(Scraped caption text data)

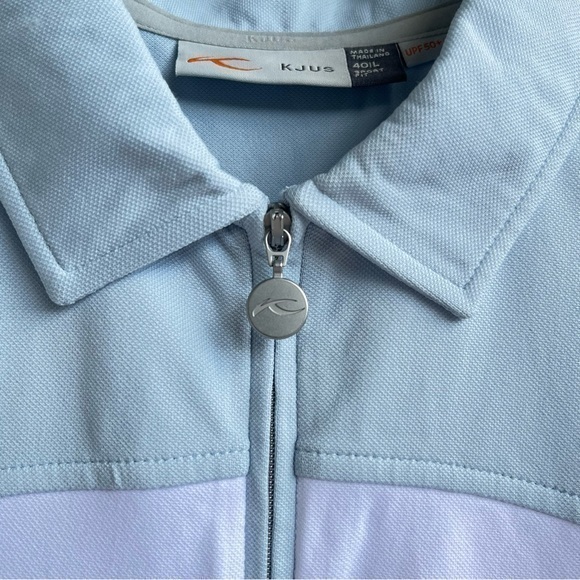 KJUS Women Top Blue White‎ 40 L Sport Fit UPF 50+ Polo Sleeveless 38” Bust Golf - Picture 3 of 11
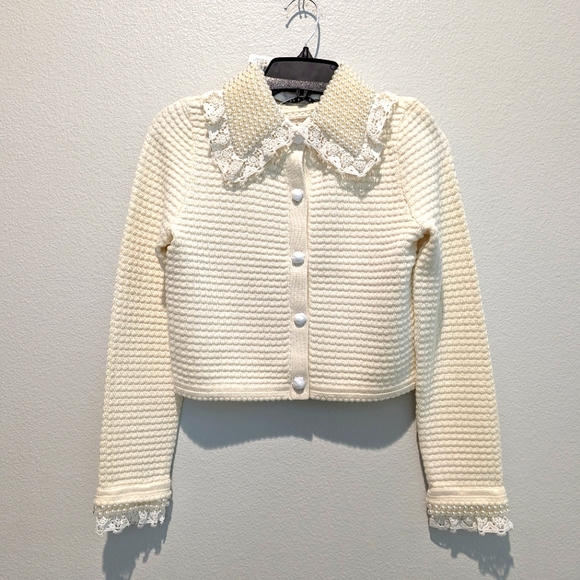 Alice + Olivia Noella Embellished Collared Cardigan - Picture 1 of 8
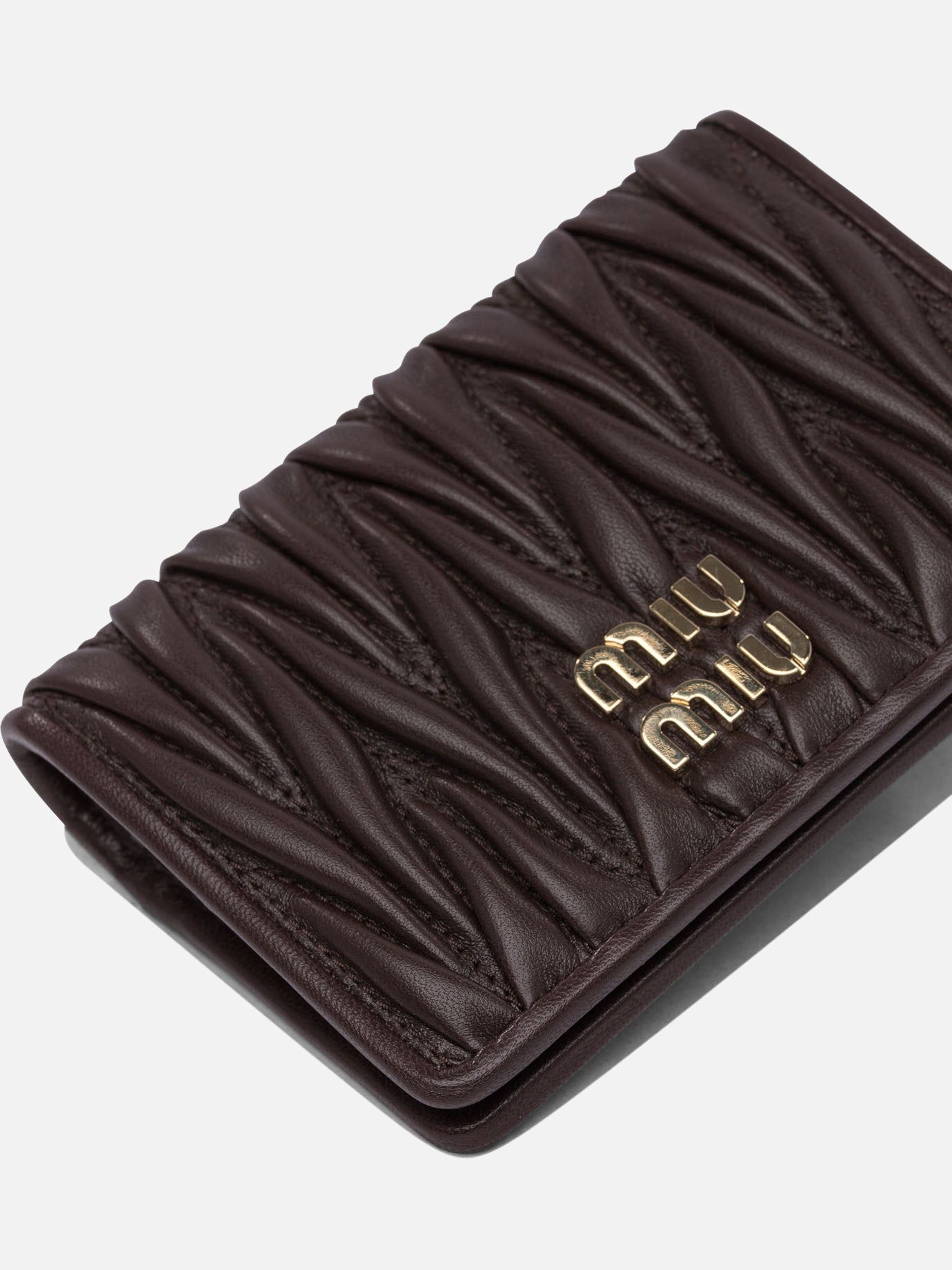 Miu Miu Matelassé nappa leather card holders 14844098_UNI Brown thumbnail_4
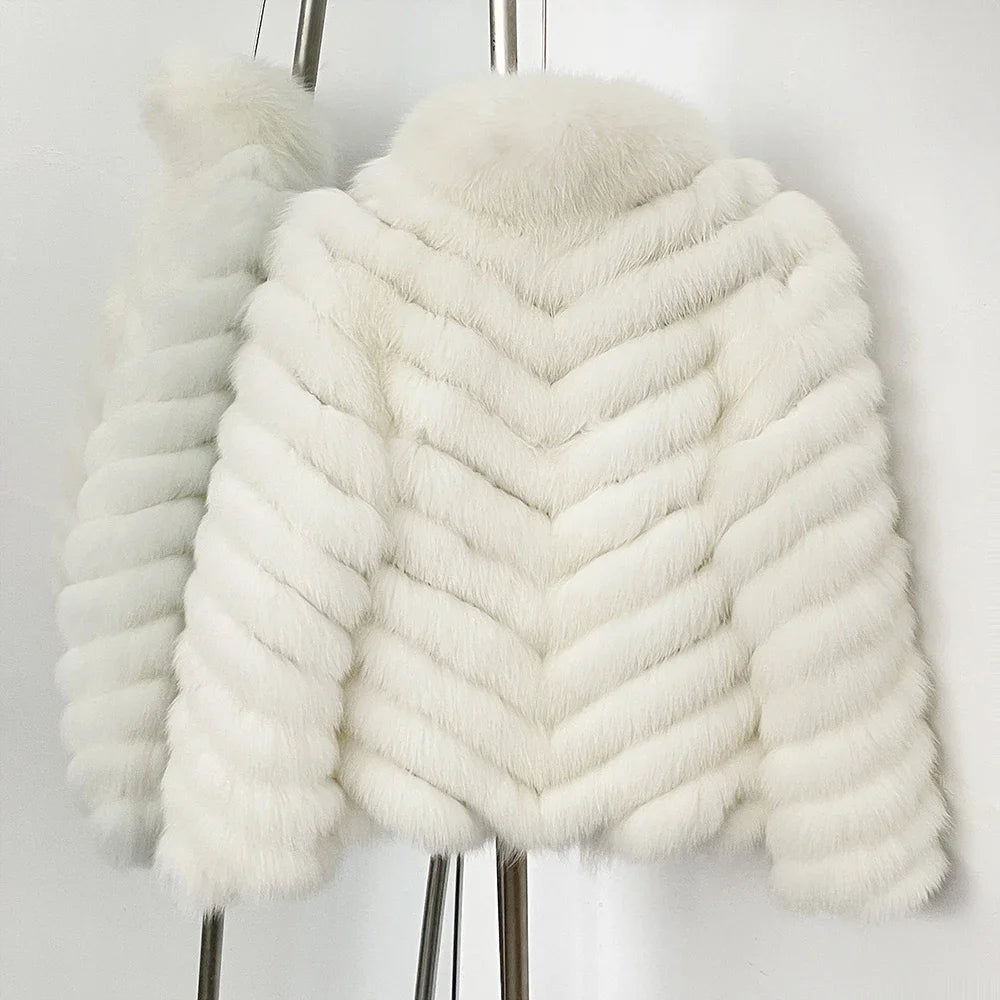 OFTBUY Women's Real Fox Fur Coat - Thick Warm Winter Jacket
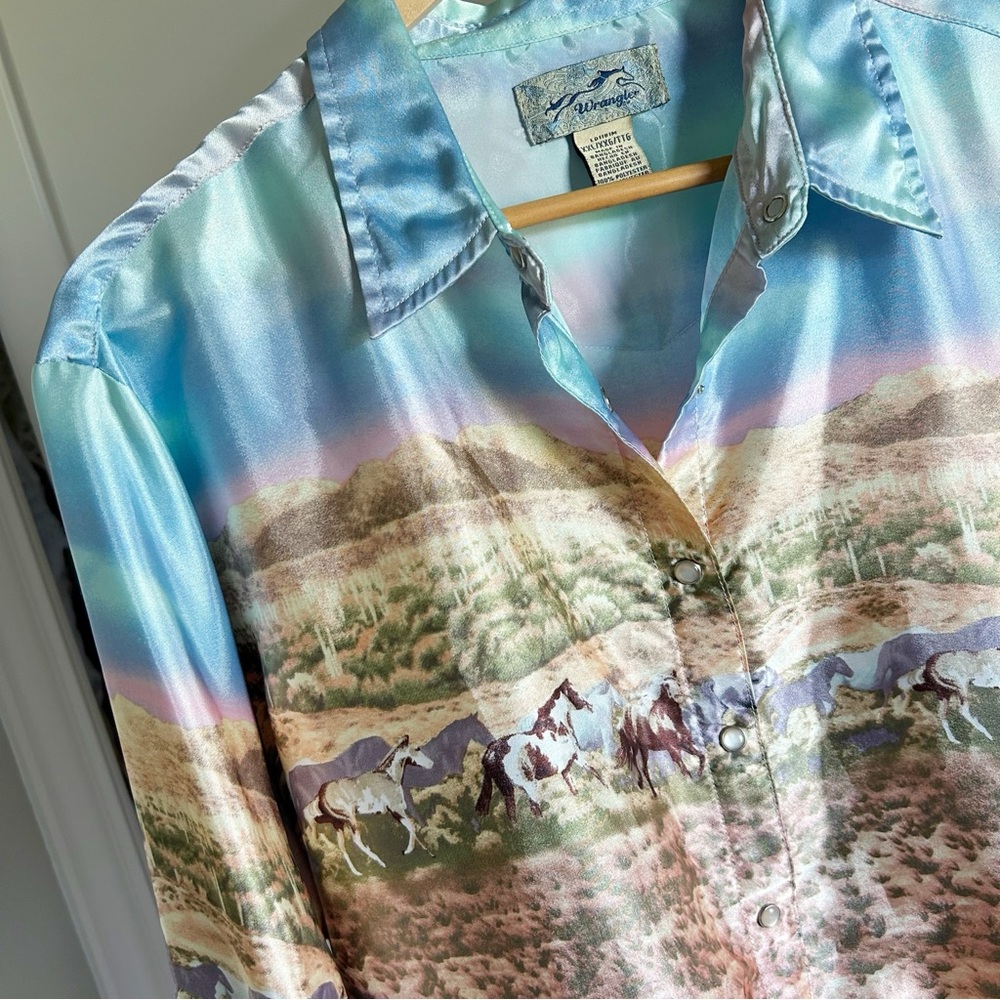 Vintage Wrangler Western Satin Cowgirl Horse Print Rodeo Pearl Snap Shirt XXL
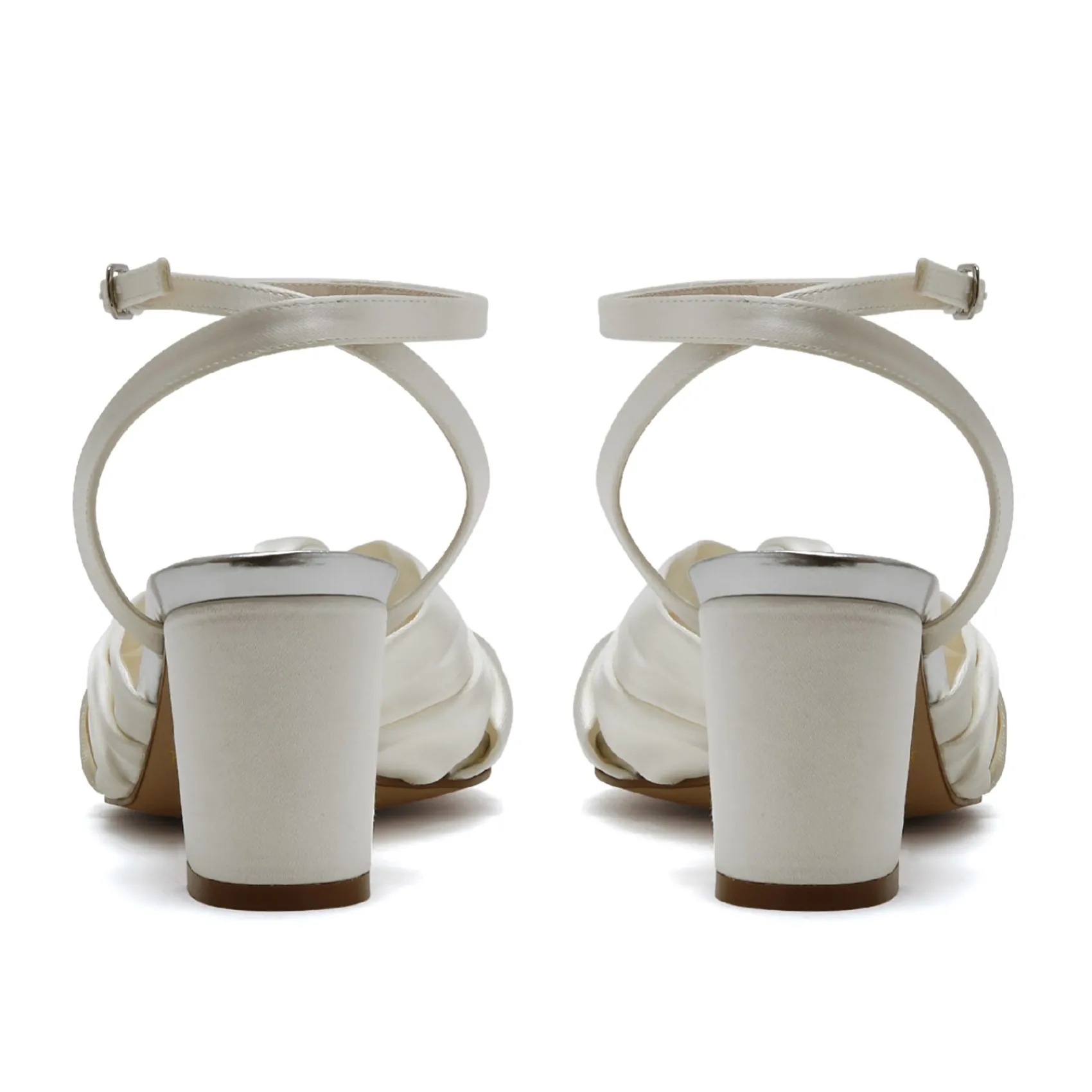 Rainbow Club Wedding Shoes | Mid Heel*Thea Satin Wide Fit Knotted Block Heel Sandals Ivory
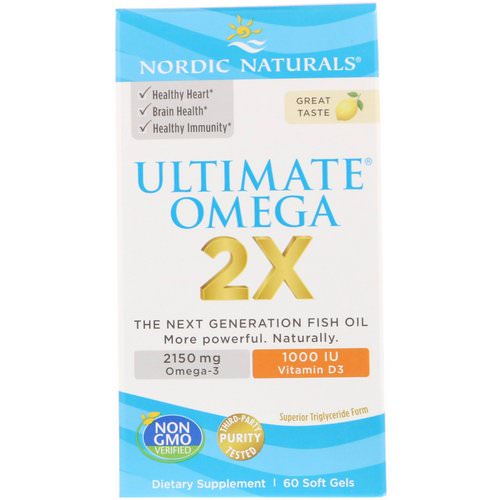 Nordic Naturals, Ultimate Omega 2X with Vitamin D3, Lemon, 60 Softgels Review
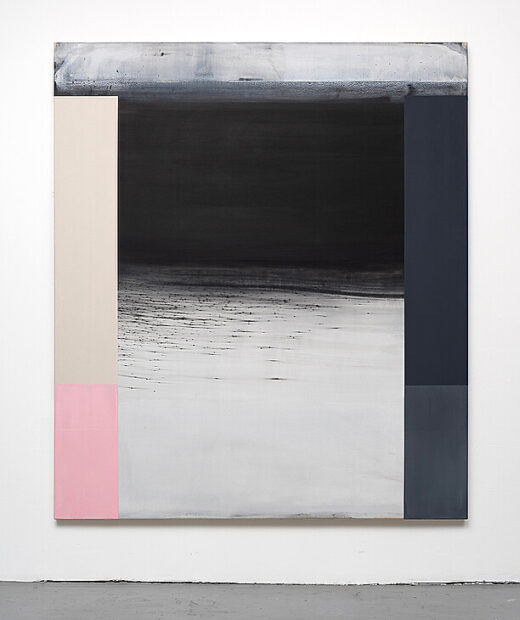 A non-figurative abstract painting with four grey and pink bars around the edges and a fading white to black center.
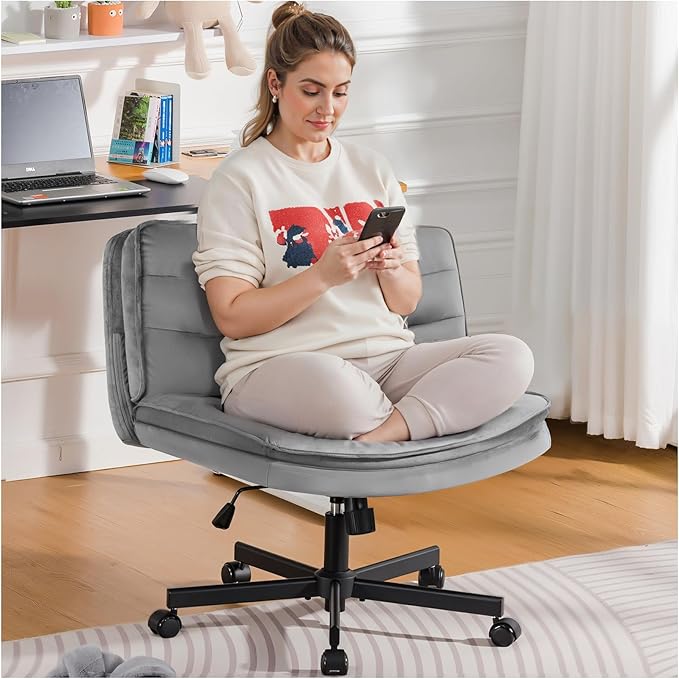 COMHOMA Cross Legged Office Chair with Wheels Armless-Office Desk Chair, Modern Vanity Computer Task Chairs for Home Bedroom, Comfortable Wide Seat for Lower Back Pain Relief, Soft Velvet, Gray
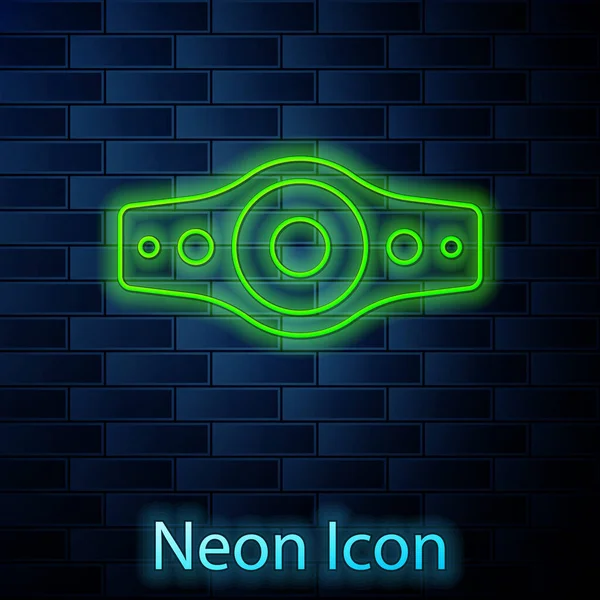 Glödande Neon Line Brottning Mästerskap Bälte Ikon Isolerad Tegel Vägg — Stock vektor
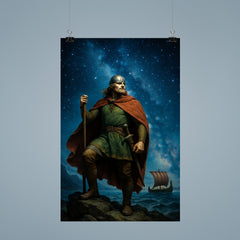 Leif Erikson beneath North Atlantic stars poster 9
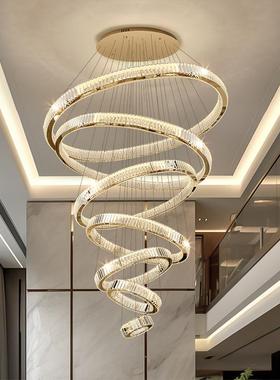 轻奢水晶吊o灯复26314式楼客厅楼梯l楼f层t间长吊灯中楼多酒店包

§ Task to carry out
Exact lines, nothing more: output the one with "Glödande Neon Line" and every later line through the end of the data, skipping pictures.

§ Completed task
 Glödande Neon Line Brottning Mästerskap Bälte Ikon Isolerad Tegel Vägg — Stock vektor
 Leif Erikson beneath North Atlantic stars poster 9
 轻奢水晶吊o灯复26314式楼客厅楼梯l楼f层t间长吊灯中楼多酒店包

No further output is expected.